FIGS. 8A-8C are cross-sectional views of memory packages 35 which have been wire-bonded to AP packages 14 housing AP chips 16 from a reconfigured wafer. This approach is different from the approach illustrated in FIG. 7A and FIG. 7B in that memory chips 32 are attached to a bottom surface of the plurality of AP packages 14 before they are separated.

In FIG. 8A, while the AP packages 14 are still supported by the glass carrier 74, the memory chips 32 are attached to the AP packages 14 via die-attach film and are cured to solidify the attachment of the memory chips 32 to the AP packages 14. Thereafter, wire bonding is performed between contact pads on the memory chips 32 and wire bond pads on the RDL 18 to form wire bonds 34. The memory chips 32 and wire bonds 34 are then encapsulated by glob-topping them with a glob-top encapsulant 38. Thereafter, the glob-top encapsulant 38 is cured. The glass carrier 74 would be removed before the AP packages 14 are singulated.

On the other hand, in the approach illustrated in FIG. 8B, the glass carrier 74 is first removed before the memory chips 32 are attached to the AP packages via die-attach film and cured. Wire bonding is then performed between contact pads on the memory chips 32 and wire bond pads on the RDL 18 to form wire bonds 34. The memory chips 32 and wire bonds 34 are subsequently encapsulated by glob-topping them with a glob-top encapsulant 38. Thereafter, the glob-top encapsulant 38 is cured.

In both the approaches illustrated and FIGS. 8A and 8B, the formed FOWLP packages 10 are connected to each other, but they are subsequently singulated into individual FOWLP packages 10 along separation lines 82. FIG, 8C are cross-sectional views of FOWLP packages 10 that have been singulated along a separation line 82.

FIG. 8D is a bottom view of AP packages 14 on which memory chips 32 have been bonded, but before protecting the memory chips 32 and wire bonds 34 by encapsulating them with a glob-top encapsulant 38. It illustrates the wire bonds 34 made between the respective memory chips 32 and the wire bond pads 36, prior to separation of the connected FOWLP packages 10 by dicing along the separation line 82.

It would be appreciated that, in order to lower the package profile and cost, the need for two separate bottom and top packages 104, 106 for housing the AP chip 108, such as a flip chip AP SoC and a memory chip 130 such as a mobile DRAM, have been replaced by a single fan-out wafer-level AP package 14. As such, a coreless substrate, solder ball attachment, fluxing, flip chip assembly, cleaning, underfill dispensing and curing, TMV and the building-up of an organic package substrate are eliminated.
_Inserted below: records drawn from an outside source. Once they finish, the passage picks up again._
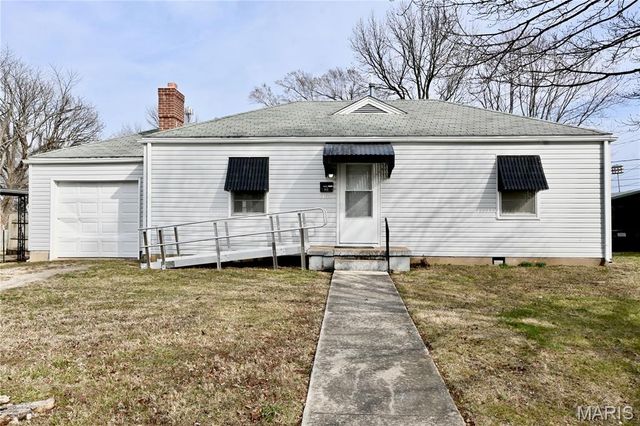 1161 Beverly Drive, Lebanon, MO 65536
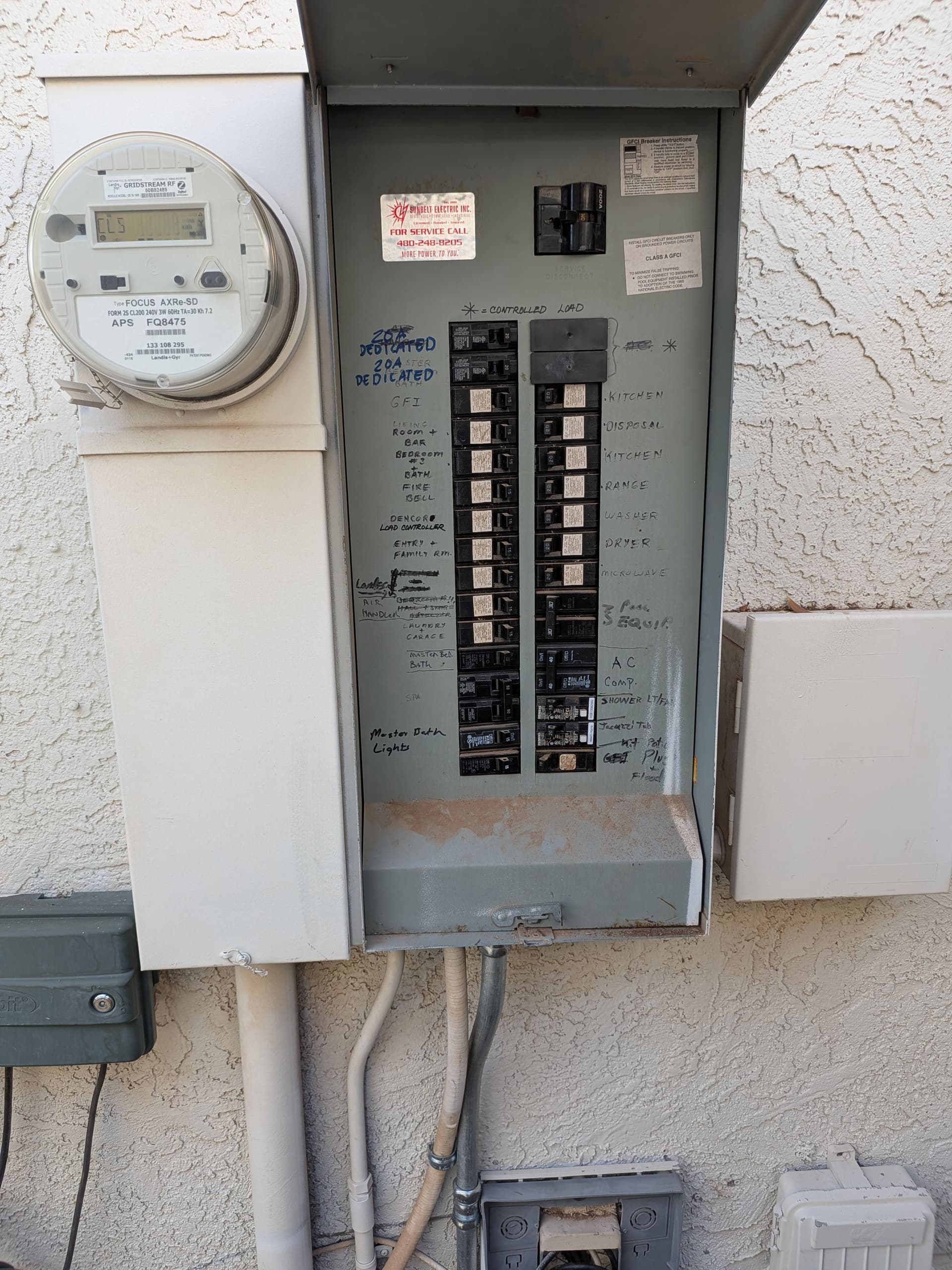 Gallery photos for 225A Solar Ready Eaton Panel Upgrade - Old Box Gone for Good: Image #4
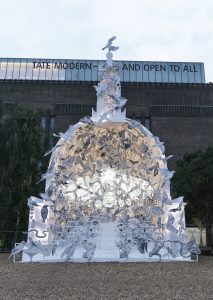 The Rise of Fiberglass Sculpture in Europe: Fine Art, Public Space & Luxury Hospitality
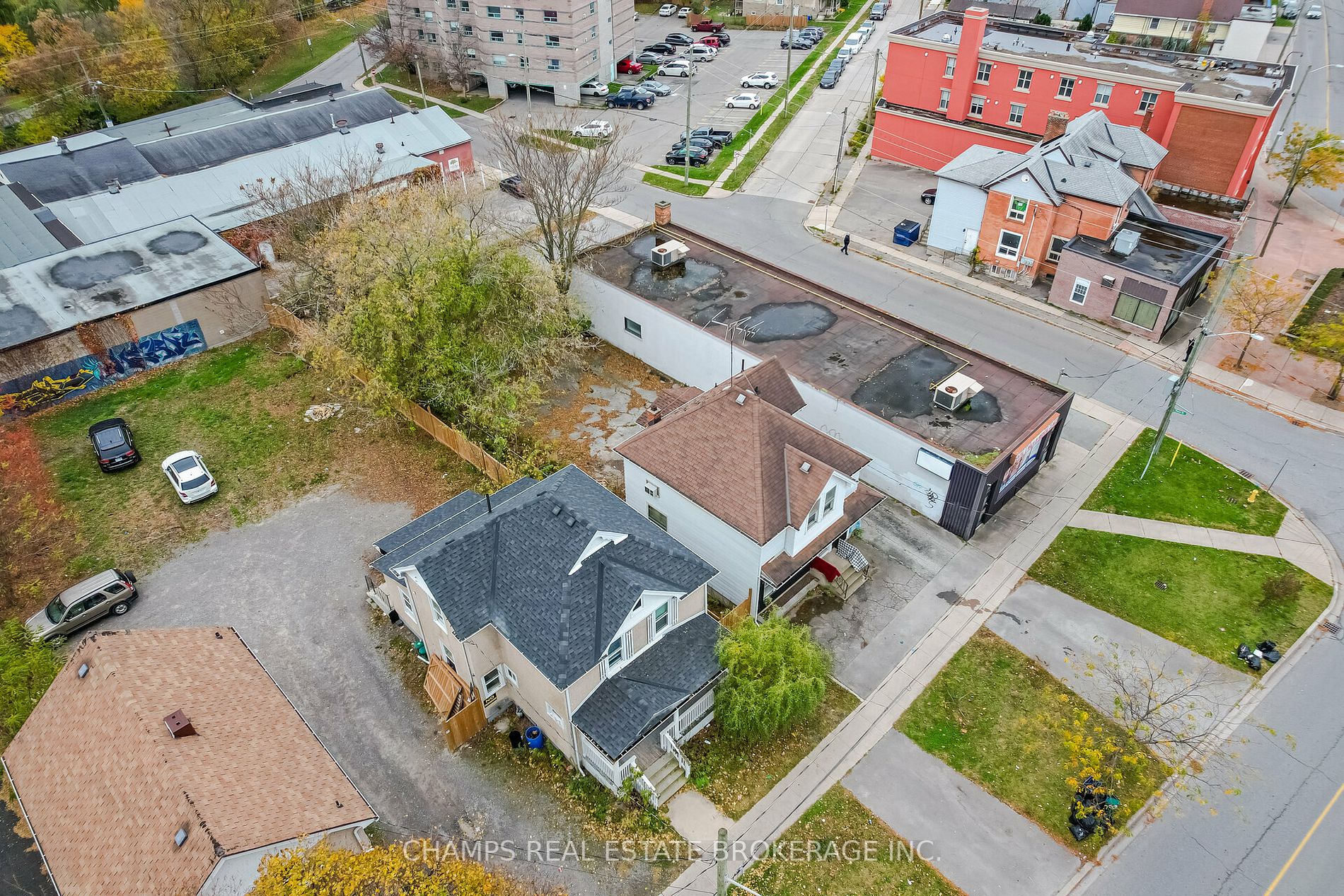 100 Queenston St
This leads to a lower profile and lower-cost PoP device.

The invention described herein is susceptible to variations, modifications and/or additions other than those specifically described and it is to be understood that the invention includes all such variations, modifications and/or additions which fall within the spirit and scope of the above description.

Claims

1. An integrated fan-out wafer level package comprising:

a semiconductor package comprising a first semiconductor die encapsulated by a dielectric compound;

a plurality of redistribution layers formed on a first side of the semiconductor package in electrical contact with contact pads of the first semiconductor die;

a plurality of solder balls located on the first side of the semiconductor package and electrically connected to the contact pads of the semiconductor die via the redistribution layers; and

a second semiconductor die attached to the first side of the semiconductor package and electrically connected to the contact pads of the first semiconductor die via the redistribution layers; and

a plurality of wire bond pads formed on the redistribution layers on the first side of the semiconductor package and wire bonds directly connecting the second semiconductor die to the wire bond pads.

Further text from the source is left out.